Canadian photojournalist Edward Ou was denied entry to the United States and was detained for several hours, a report by the Washington Post said.
The reporter was travelling to North Dakota in order to cover the Dakota Access Pipeline protests, but U.S. border agents detained him for more than six hours and confiscated his phone and reporting materials including his camera, before they barred him from entering the U.S.
The award-winning photojournalist stated that he had terrible experiences working in the Middle East over the past ten years; however his most disturbing encounter was with the U.S. border security.
This treatment has alarmed legal experts and free speech advocates who said that the American government has grown more and more hostile towards the press, in contradiction to the country's press freedom laws.
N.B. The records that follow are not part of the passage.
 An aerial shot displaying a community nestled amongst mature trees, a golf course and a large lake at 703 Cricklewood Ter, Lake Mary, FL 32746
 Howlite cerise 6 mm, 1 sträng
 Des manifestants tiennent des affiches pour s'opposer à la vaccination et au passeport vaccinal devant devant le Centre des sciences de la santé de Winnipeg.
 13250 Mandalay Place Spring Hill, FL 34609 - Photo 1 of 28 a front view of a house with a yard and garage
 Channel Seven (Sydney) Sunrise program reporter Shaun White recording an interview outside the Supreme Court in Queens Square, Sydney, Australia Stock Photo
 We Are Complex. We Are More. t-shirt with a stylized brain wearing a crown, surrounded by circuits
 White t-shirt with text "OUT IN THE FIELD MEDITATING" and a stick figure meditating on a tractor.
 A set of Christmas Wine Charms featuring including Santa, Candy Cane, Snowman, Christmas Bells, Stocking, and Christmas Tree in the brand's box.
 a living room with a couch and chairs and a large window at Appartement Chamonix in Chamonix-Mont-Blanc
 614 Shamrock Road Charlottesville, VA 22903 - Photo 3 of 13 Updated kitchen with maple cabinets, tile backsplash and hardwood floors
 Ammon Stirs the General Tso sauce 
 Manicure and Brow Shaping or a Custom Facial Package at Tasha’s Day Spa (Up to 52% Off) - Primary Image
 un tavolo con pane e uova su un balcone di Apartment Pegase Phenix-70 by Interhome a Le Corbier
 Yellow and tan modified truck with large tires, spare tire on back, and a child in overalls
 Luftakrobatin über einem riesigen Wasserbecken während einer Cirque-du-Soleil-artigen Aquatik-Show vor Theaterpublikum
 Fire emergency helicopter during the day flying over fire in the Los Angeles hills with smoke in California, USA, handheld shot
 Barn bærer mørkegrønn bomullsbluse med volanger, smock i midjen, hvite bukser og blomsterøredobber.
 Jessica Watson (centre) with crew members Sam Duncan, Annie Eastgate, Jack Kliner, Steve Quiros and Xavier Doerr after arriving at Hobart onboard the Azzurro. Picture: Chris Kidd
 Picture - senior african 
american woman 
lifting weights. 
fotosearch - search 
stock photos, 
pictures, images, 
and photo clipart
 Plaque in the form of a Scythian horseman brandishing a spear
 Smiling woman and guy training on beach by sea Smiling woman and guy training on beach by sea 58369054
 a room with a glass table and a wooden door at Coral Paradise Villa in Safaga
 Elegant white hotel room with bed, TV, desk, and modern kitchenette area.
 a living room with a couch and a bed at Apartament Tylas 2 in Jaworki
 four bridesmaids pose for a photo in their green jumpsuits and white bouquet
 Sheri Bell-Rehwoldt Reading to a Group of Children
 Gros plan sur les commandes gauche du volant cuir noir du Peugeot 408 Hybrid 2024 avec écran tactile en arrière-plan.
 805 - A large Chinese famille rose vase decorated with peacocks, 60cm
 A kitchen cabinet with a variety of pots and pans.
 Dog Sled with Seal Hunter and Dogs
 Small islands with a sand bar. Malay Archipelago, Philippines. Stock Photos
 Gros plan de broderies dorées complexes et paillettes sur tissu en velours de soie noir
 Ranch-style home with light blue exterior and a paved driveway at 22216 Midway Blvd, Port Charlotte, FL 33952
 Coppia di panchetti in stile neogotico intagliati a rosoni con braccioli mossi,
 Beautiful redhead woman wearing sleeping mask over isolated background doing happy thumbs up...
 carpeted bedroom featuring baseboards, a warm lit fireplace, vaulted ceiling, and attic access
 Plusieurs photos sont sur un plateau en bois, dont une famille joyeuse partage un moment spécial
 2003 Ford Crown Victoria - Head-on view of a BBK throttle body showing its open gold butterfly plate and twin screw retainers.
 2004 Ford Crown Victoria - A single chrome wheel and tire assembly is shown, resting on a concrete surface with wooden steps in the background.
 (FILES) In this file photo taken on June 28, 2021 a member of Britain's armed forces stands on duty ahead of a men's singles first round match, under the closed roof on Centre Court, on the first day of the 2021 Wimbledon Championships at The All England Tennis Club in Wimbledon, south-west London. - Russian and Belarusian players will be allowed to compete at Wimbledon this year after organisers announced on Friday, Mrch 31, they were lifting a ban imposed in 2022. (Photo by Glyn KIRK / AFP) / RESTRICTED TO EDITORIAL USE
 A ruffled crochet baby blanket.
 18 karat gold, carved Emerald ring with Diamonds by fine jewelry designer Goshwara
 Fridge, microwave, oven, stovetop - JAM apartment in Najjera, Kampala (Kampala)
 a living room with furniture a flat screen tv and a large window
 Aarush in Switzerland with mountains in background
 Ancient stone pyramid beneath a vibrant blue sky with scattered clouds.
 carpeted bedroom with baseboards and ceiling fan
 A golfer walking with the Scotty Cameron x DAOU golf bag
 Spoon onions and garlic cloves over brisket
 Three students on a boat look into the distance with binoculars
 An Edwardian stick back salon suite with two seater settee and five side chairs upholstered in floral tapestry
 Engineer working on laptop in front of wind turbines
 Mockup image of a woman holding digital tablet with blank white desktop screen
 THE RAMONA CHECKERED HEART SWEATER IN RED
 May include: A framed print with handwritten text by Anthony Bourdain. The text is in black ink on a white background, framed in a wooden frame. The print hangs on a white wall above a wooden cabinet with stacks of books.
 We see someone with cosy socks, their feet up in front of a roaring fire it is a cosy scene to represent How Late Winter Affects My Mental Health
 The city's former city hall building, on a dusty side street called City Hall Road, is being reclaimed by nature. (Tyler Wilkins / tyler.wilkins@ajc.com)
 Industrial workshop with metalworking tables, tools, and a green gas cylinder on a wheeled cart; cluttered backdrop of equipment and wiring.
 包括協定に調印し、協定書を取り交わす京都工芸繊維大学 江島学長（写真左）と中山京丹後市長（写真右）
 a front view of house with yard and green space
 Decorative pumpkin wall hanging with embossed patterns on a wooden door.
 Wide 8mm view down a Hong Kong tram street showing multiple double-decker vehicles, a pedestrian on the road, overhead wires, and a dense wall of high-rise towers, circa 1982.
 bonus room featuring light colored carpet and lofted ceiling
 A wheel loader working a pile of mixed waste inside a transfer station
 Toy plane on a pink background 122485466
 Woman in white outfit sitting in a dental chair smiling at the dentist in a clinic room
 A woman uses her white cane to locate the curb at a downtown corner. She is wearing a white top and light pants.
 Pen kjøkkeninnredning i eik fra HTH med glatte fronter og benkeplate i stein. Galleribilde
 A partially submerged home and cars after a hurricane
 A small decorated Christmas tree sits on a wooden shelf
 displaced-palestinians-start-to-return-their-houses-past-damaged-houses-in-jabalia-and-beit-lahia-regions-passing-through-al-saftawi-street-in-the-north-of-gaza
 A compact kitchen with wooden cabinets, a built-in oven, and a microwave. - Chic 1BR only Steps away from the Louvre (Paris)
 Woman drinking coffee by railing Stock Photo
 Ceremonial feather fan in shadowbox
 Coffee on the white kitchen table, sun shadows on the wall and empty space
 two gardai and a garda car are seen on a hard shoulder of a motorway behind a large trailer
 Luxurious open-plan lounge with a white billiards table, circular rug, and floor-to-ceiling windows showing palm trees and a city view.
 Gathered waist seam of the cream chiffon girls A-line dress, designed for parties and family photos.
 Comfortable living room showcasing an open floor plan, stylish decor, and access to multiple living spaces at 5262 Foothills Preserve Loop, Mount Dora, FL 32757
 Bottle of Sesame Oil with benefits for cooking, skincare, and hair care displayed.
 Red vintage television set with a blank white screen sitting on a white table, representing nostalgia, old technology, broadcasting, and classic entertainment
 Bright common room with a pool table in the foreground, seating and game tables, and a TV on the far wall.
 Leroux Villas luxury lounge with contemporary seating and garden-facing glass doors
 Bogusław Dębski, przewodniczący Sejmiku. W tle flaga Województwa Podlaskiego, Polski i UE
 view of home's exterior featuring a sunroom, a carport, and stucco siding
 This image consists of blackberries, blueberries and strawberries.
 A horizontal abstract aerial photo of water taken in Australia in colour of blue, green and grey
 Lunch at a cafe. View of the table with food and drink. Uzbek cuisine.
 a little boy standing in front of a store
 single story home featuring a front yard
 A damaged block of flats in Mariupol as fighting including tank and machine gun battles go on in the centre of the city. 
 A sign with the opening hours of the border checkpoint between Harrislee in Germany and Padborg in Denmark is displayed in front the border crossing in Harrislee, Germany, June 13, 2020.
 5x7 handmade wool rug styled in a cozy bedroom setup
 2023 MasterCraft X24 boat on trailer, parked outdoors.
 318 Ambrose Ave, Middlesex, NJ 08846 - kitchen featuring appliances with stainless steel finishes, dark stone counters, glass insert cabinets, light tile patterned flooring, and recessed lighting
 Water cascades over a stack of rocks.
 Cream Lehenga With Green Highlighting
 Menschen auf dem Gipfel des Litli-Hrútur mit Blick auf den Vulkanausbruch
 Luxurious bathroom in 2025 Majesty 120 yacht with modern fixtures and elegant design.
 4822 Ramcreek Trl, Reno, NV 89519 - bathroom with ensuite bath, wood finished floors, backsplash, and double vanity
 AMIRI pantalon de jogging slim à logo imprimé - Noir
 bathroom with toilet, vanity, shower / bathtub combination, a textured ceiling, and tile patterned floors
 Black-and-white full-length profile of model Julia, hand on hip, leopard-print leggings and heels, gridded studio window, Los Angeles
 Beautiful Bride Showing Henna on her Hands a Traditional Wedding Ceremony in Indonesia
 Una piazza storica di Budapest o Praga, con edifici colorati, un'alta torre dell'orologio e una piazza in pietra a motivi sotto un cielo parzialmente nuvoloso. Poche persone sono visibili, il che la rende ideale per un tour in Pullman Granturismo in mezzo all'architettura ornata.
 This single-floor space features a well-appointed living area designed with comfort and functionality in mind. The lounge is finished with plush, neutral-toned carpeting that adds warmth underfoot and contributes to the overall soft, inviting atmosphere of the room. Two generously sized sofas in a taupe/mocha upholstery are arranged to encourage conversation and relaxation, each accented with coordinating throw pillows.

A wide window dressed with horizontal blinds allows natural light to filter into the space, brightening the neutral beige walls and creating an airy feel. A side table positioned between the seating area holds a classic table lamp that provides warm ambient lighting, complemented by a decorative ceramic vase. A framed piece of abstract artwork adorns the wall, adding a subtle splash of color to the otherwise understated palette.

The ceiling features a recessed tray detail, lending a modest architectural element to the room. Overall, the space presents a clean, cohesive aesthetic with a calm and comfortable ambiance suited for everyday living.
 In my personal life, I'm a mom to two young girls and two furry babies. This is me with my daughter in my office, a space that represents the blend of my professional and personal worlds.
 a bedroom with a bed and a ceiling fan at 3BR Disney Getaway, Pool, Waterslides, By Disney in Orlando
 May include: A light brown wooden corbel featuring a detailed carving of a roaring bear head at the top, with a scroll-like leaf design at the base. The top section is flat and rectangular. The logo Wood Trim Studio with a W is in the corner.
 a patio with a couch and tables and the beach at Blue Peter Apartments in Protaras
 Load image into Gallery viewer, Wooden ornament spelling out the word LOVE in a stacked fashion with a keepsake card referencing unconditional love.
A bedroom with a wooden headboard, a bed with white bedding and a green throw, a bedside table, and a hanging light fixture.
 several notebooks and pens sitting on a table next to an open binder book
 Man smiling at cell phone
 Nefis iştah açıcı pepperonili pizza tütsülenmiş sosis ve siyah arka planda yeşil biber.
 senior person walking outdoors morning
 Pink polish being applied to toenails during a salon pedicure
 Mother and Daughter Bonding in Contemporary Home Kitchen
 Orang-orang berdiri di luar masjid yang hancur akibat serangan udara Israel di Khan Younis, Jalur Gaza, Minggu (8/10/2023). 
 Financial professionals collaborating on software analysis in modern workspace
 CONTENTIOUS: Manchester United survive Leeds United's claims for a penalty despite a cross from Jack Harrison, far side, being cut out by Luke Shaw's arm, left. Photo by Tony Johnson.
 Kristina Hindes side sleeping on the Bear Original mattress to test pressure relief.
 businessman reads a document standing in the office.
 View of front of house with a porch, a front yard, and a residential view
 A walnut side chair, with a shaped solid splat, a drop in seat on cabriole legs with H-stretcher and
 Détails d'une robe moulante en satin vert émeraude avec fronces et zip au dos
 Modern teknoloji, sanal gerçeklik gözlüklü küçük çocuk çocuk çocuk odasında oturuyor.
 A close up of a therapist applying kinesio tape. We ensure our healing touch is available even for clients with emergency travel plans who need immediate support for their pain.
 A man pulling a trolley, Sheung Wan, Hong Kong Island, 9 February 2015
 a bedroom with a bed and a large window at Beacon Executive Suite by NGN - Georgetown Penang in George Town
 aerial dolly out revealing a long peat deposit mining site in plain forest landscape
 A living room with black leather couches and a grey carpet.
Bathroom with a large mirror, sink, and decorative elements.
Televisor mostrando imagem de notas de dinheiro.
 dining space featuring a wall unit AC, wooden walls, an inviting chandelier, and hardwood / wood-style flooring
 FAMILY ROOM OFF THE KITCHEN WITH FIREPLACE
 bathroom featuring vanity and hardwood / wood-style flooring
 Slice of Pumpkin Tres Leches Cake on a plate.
The Dakota Access Pipeline protests began last spring. Native Americans rejected the pipeline construction and established an encampment in North Dakota forming the largest Native American protest in decades.
The U.S. police treated protesters harshly and confrontations between the Native Americans and the police escalated, leading to hundreds of detentions.
The Standing Rock Sioux Tribe, whose reservation is close to the planned pipeline's route, rejects the project as it will endanger the tribe's water supply by crossing the nearby Missouri River, and destroy sacred Native American sites.
The incident received international attention at its start, whereas mainstream media coverage in the U.S was limited.